As divergências com os municípios, naturais em dois entes públicos que agem sobre o mesmo território a benefício das mesmas pessoas e com ópticas e escalas diferentes, não constituem o obstáculo essencial à existência e ao desenvolvimento das freguesias – o obstáculo maior e que a todos lesa é a perspectiva centralista dos governos e das maiorias que os suportam e o carácter, igualmente centralista, das políticas que prosseguem e das medidas administrativas que desenvolvem.
A colegialidade dos órgãos do poder local e a pluralidade na sua constituição são essenciais à transparência na gestão e à confiança dos cidadãos na democracia. São de crocodilo as lágrimas e de fariseu os apelos daqueles que, permanentemente, gritam pela democracia e pela participação democrática e não perdem uma oportunidade para lhe diminuir a amplitude, reduzir o número de cidadãos eleitos, concentrar poderes no menor número possível, tornar opaco e distante o seu funcionamento.
Em resumo:
Mais do que uma séria preocupação sobre a organização administrativa do país – que a existir conduziria desde logo à indispensável criação de Regiões Administrativas – o que se visa com o projecto de “racionalizar” é extinguir freguesias e concelhos, uma extinção, que a pretexto da crise e do défice, tem por objectivo empobrecer a expressão democrática da organização política, reduzir a participação e representação democráticas, eliminar expressões de proximidade e intervenção populares nos processos de decisão e controlo da vida politica local.
É a qualidade da democracia e também a qualidade de vida das comunidades locais que são os alvos directos deste objectivo.

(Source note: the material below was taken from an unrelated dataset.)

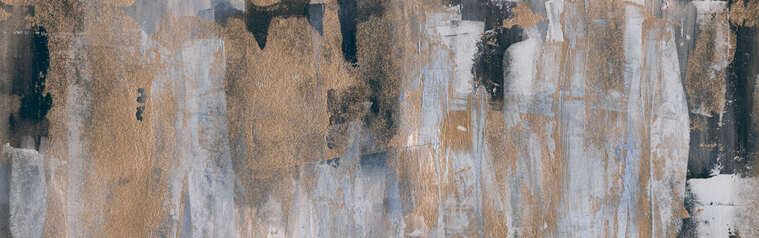 Репродукции картин Абстрактные серо бронзовые вертикальные полосы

Medidas e objectivos inseparáveis de outros como os de alteração às leis eleitorais ou o da ofensiva em curso contra a autonomia financeira e administrativa do poder local.
A “reforma” pretendida por PS e PSD traduzir-se-ia, a ser aprovada, em prejuízos para as populações; em mais abandono, desertificação e assimetrias regionais; em menos atenção e investimento local indispensáveis à vida económica e social dos territórios abrangidos; em enfraquecimento da defesa de interesses da população e de representação dos seus direitos; em menos participação democrática.
...........
16Março 12h29' cister fm postou:
2011-03-14 12:51:00
CDU contesta extinção de freguesias.
A CDU de Alcobaça é contra a proposta de extinção das pequenas freguesias e concelhos, argumentado que “a medida irá sair cara ao país”.
Para além de estar contra a redução do número de concelhos, Rogério Raimundo defende que o governo deve, em alternativa, “introduzir políticas que fomentem a fixação das populações” nas freguesias rurais, sob pena de se estar a "desertificar o país".
O vereador da CDU afirma que as tentativas do PS e do PSD para cortarem nos gastos só tem trazido problemas às pessoas e autarquias locais, lembrando os casos dos "mega" centros escolares e dos encerramentos dos centros de saúde.
O vereador da CDU desconhece se a intenção é ajustar o ordenamento do território a uma futura regionalização, mas salienta que é contra a extinção de pequenas freguesias, seja qual for o pretexto dos principais partidos políticos.